C'était le bon temps ! J'eus la joie de faire un vol d'essai qui
nous mena à faire des tourbillons jusqu'à Tenès à
l'ouest et à la Kabylie à l'est, sans compter le survol
d'Alger à basse et à haute altitude. Je travaillais sur
une grande table en bois blanc formée de deux tréteaux et
des planches dans une "barrack" en tôle ondulée
de forme arrondie. Nous étions trois qui nous entendions bien.
En fin d'après-midi arrivait notre Maltais (aviateur dans la R.A.F.)
qui venait se saisir de tous les doubles, carbones et brouillons. Rien
ne devait traîner et tout était à détruire
par le feu, ce qu'il faisait dans un grand poêle installé
pour ce faire.
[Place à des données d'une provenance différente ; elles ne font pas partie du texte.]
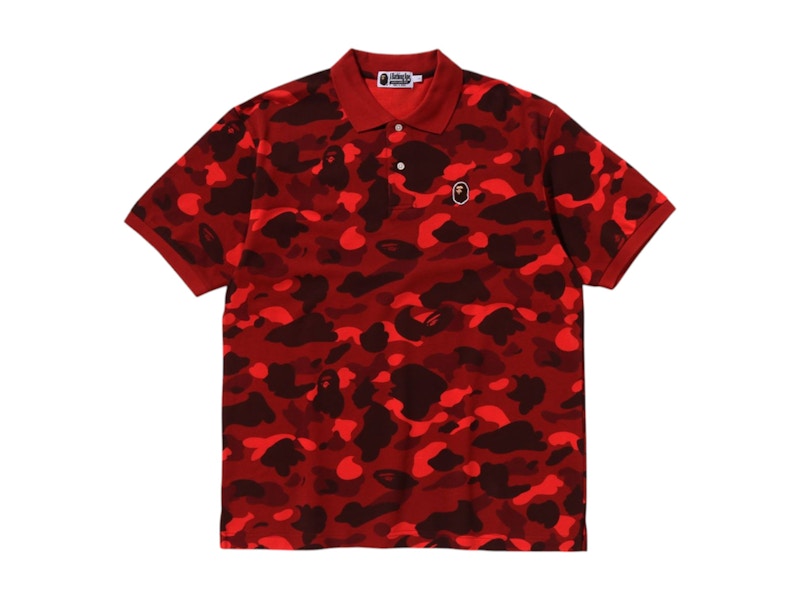 BAPE Color Camo Large Ape Head Relaxed Fit Polo Shirt Red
Notre Maltais était, en dehors de cela, spécialiste
en marché noir : savonnettes, cigarettes, capotes anglaises, etc
jusqu'au jour où il se fit attraper et finit "au
trou" sa carrière d'homme d'affaires
Le 72e Starging Post partant pour le théâtre d'opération,
je fus ramenée en Alger à la direction du "Signal Center"
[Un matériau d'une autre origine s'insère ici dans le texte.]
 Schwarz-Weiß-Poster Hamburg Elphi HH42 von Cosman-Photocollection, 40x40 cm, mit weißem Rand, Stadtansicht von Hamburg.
qui oeuvrait dans les locaux d'une compagnie pétrolière
rue Victor Hugo. Me voilà tombant dans les services du colonel
Burchett.
J'eus la joie de trouver un jour en attendant sur le trottoir d'en face,
mon ami Paulo Ursh. Il était tout beau en aviateur français
mais habillé impeccablement par les Américains chez qui
il venait de faire un stage de six mois de pilotage. Breveté pilote,
il était en permission de trois jours. A l'issue de ce séjour,
il partit faire son premier vol de bombardement, dont il ne revint jamais.
C'est à cette époque que notre amie Rosetteépousa
mon Lieutenant Wearing. Ils firent une grande fête, un beau mariage
de guerre. Rosette devint l'épouse de l'Attaché d'Ambassade
au Danemark. Nous étions très heureuses pour elle car sa
vie n'avait pas été douce jusqu'à présent.
Burchette s'était pris de boisson à cette occasion et ne
se montra pas à la hauteur des circonstances. Il fut même
parfaitement goujat. Et dire que c'est encore lui que je retrouvais comme
commandant le "Signal Center" de l'aérodrome de Rabat-Salé
quand je fus transférée d'Alger à Rabat mais, grâce
au ciel, mon poste fut lié à la "Room Operations":
merveilleux poste et bosses"
Avec ces évocations diverses, je me suis éloignée
de ma Route, pour de bon puisqu'en juin 1945 je partis avec mon équipe
de civils français : quatre filles en tout et un garçon.
J'étais la plus âgée, je venais d'avoir 21 ans, j'avais
le droit de vote et le devoir de voler de mes propres ailes, c'est à
dire gagner ma vie, ce que je faisais depuis deux ans déjà.
Eloignée de ma Route puisque ayant abouti à Rabat, je prenais
la mesure de la responsabilité entière de ma personne. La
guerre en Europe avait été fait l'objet d'un armistice le
8 mai 1945, mais la guerre n'était pas finie avec le Japon. La
bombe atomique d'Hiroshima y mit fin le 15 Août 1945. Pour moi ce
fut la fin de l'aventure. Je fus consciente du soulagement général
mais aussi de la monotonie de la vie qui m'attendait.